Childhood discitis can usually be treated nonoperatively. In the past, no difference has been reported in the outcome for infants receiving antibiotics and those treated with bed rest alone.6569 Immunocompetent infants who are systemically well are more likely to respond to this management. However, prolonged or recurrent symptoms can occur in children not initially receiving intravenous antibiotics.70 For this reason, intravenous antibiotics are now recommended for initial management.2,5,11,71,72

Recommendations for the ideal length of an intravenous antibiotic course range from 1 to 8 weeks.5,6,11,12 Generally, intravenous antibiotics are administered for up to 2 weeks followed by oral antibiotics for up to 6 weeks. Response to antibiotic treatment is monitored by weekly white cell count, ESR, and C-reactive protein. Patients should be followed up for at least 12–18 months after resolution of spinal pain and malaise. The indications for repeat radiological assessment include a recurrence of symptoms or failure of the ESR and CRP to return to normal.

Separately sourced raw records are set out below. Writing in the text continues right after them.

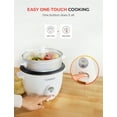 thumbnail image 4 of CUCKOO One Touch Rice Cooker 12-Cup Cooked, Small Rice Cooker & Warmer with Steamer Tray, Versatile Grain Cooker, Soup Maker, Auto Keep Warm, 6-Cup Uncooked, White (CR-0601C), 4 of 5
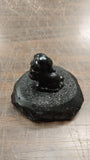 Black Cocker Spaniel Puppy Carved Figurine Pet Animal Pa Hand Crafted Hard Coal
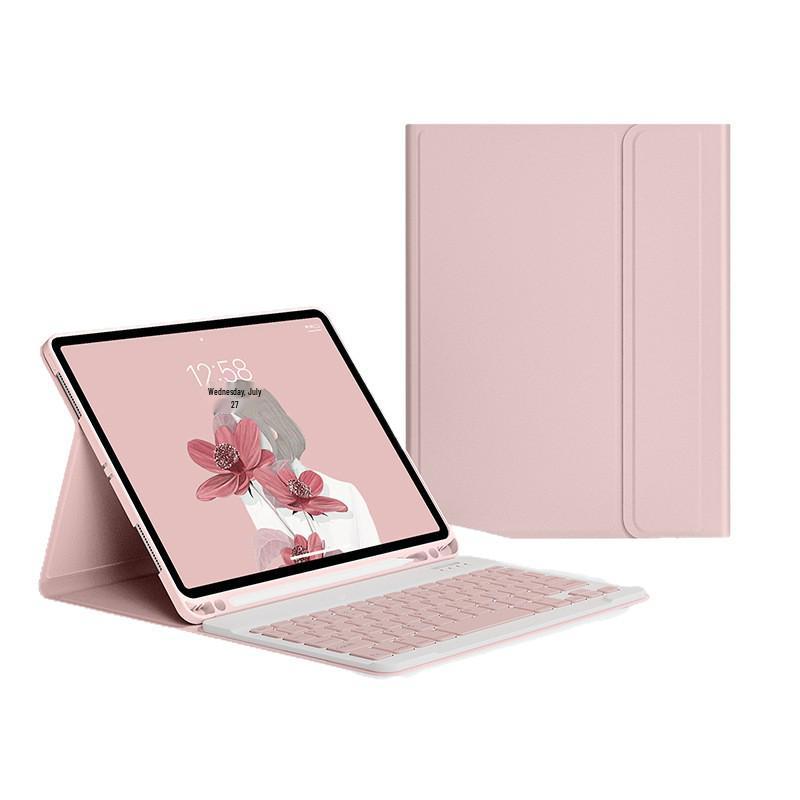 Compatible Samsung 12.4" Tablet Bluetooth Keyboard Protective Case Galaxy S10FE 14.6" Fixed Shell.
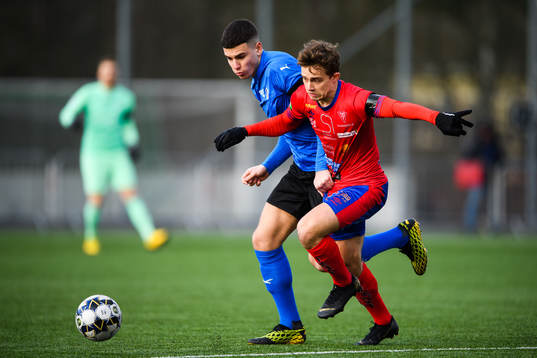 Halmstads Edvin Kurtulus och Tvååkers Axel Berggren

Narrowing of the disc space and vertebral endplate sclerosis are expected;5 however, 20% infants and 30% older children demonstrate spontaneous fusion.10,66 If an infant develops vertebral osteomyelitis, an extreme form of angular kyphosis may develop.1 As bone necrosis is rare in infantile discitis, the only explanation is that the vertebral growth plates are destroyed as a result of the infection. The indications for considering surgical debridement of the disc/vertebrae are continuing septicemia during an antibiotic course or progressive neurological deficit.11,73

An updated algorithm for investigating/managing childhood discitis is:

Pyogenic discitis and spondylodiscitis

Nonoperative treatment including rest and antibiotics is indicated for patients without neurological deficit or progressive spinal deformity. Prognostic factors for successful nonoperative management include age under 60 years, immunocompetence, a decreasing ESR, and infection involving an organism other than S. aureus.

Ninety percent patients treated nonoperatively are pain free and 75% have a bony or short fibrous union within 2 years of the onset of infection.28 However, longer-term outcomes in larger series portray a poorer outcome, with up to 75% having severe chronic spinal pain and an inability to work.18

Indications for surgical debridement are failure of nonoperative treatment manifest by continuing sepsis, development of a neurological deficit, or increasing/significant spinal deformity. Hodgson and Stock popularized anterior debridement and bone grafting for spinal tuberculosis in 1960 following publication of successful outcomes in terms of spinal stability and alignment.74 Subsequently, others reported successful outcomes following anterior debridement and bone grafting for pyogenic and fungal infections.17,21,75,76 A costotransversectomy approach to the thoracic spine may be indicated for unilateral abscess drainage or in a fragile patient. Thoracic endoscopically assisted abscess drainage or spinal debridement may be indicated in unwell or older patients with comorbidities. However, mixed outcomes from minimally invasive techniques for spinal debridement have been reported with an increased complication rate and conversion to an open procedure.24 Minimally invasive techniques may have an impact on surgical debridement for spine infection in the future.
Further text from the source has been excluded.